2.2. performance measurements In order to compare biometric systems, several terms are defined to assess the quality of a biometric. The performance measurements of biometric systems are divided into four categories: false reject rate (FRR), false accept rate (FAR), crossover error rate (CER) / equal error rate (EER), failure to acquire (FTA) / failure to enroll (FTE). Table 3.1 shows a brief description of these performance measurements17. Table 3.1-Measures of Evaluation Measurement Description False Reject Rate (FRR) Measures the number of times an authorized user is

wrongly refused access to the protected system.

False Accept Rate (FAR) Measures the number times an authorized user is accepted and therefore wrongly admitted to the protected system thus enabling a security breach.

Crossover Error Rate (CER) / Equal Error Rate (EER)

FRR equals to FAR

Failure to Acquire (FTA) / Failure to Enroll (FTE) Failure to correctly capture features Many biometric devices can be adjusted to favor security or user convenience. The false reject rate (FRR), is typically set statistically to a figure between 2% and 5%, while false accept rates are set between 0.5% and 0.1% 17. Higher security applications will have a lower than normal FAR and a more convenient system will have a lower than normal FRR. A rise in FAR corresponds to a drop in FRR, and vice-versa. Equal error rate (EER), which is also known as crossover error rate (CER), occurs when the false reject rate and the false accept rate are equal. The lower the equal error rate is the better the system’s performance. The equal error rate is often used to gauge the overall effectiveness of a biometric system, as the sensitivity of a biometric system is usually adjusted to equalize false acceptance and rejection. Failure to acquire (FTA) means that the biometric device was not able to capture a good image. Failure to enroll rate (FTE) is the percentage of people that do not have sufficient sample quality to enroll on a given biometric system. Each biometric device has such a shortcoming. Some examples of failures to enroll can be cause by a finger pressing down too hard on a finger scanner, background noise or hoarseness in voice recognition, and sunlight shining on an iris scanning capture device.

3. Iris Recognition Iris recognition is the process of identifying and verifying a person by using mathematical analysis of the random patterns that are visible within the iris of the person’s eye from some distance. Since the iris is complex, unique (even identical twins have different iris patterns), and stable throughout life, it can serve a living passport or password. As an example, international passengers at some airports are able to move through security procedures at faster rate because they used their iris as their passport versus a traditional passport. Iris recognition technology so far has been implemented in the following areas: substitute for national passports, aviation security and controlling access to restricted areas at airports, and hospital settings2. Due to the randomness of iris patterns, recognition decisions are made with high levels of confidence because the likelihood of another person with an iris pattern identical to the individual in a national-sized database is very low. There are five steps in the iris recognition process: Image Capture, Segmentation, Normalization, Feature Encoding, and Matching. Each of these steps will be described in detail in the following sections.

3.1. image capture

The first step in the iris recognition procedure is acquiring an image of the eye. The quality of the image must contain at least 50 pixels from the center of the pupil out to the outside edge of the iris for recognition to be successful. This quality of image is attained using grayscale CCDs (charge-coupled devices) contained in a digital camera or camcorder5. Another important factor in a good image capturing system is that the eye is close to centered in the picture, as significantly off-centered eyes can cause the next step of the procedure to fail. Also, it is important to minimize the occurrences of artifacts (specular reflections, aberrations, etc.) because they obscure the iris image. Finally, it is also desirable to make the system as easy to use, with as little discomfort as possible for the subject and operator of the system19.

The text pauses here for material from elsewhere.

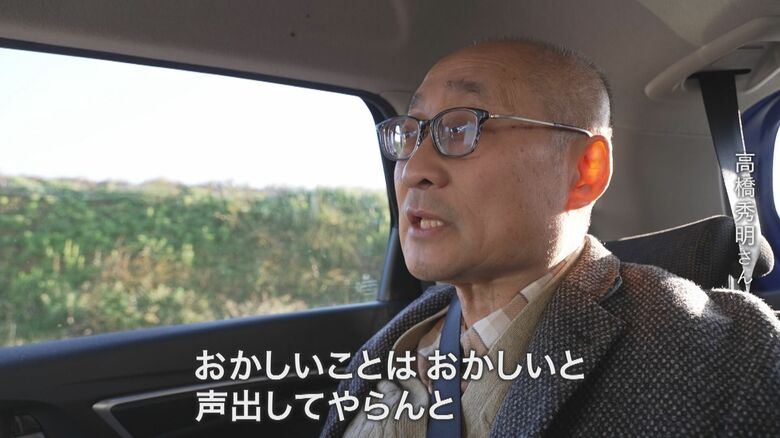 緒方受刑者の小中学校の同級生だった行政書士 高橋秀明さん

The most efficient imaging of the iris is done using near-infrared (NIR) lighting with wavelengths in the range of 700-900nm5. Using low-intensity NIR light both reduces the occurrence of reflections off of the iris which block the view of parts of the iris, and prevents discomfort in the subject caused by shining bright light into the eye20. In order to achieve the clarity required in the texture of the iris, the distance of the subject from the camera can usually be no more than a meter, although using specially designed cameras, successful iris captures have been done at distances between 5 and 10 meters6. Also, to attain a good image without the annoyance of multiple captures in case of a mistake like the eye blinking or a blurry image, video imaging is often used because adjustments can then be made in real-time without forcing the subject to remain perfectly still while waiting for an image to be taken. The highest quality frames from the video are then chosen and used to encode the iris.

In order to automate the process of locating a good frame in a sequence, several methods have been proposed. John Daugman, who created the first patented iris recognition procedure3, used a 2D Fourier spectrum to analyze the clarity of an image. Zhang and Salganicoff later patented a procedure which uses the sharpness of the transition between the iris and the pupil to determine the acceptability of an image22. Ma et. al also proposed a method of choosing quality frames using a frequency distribution on the image data12.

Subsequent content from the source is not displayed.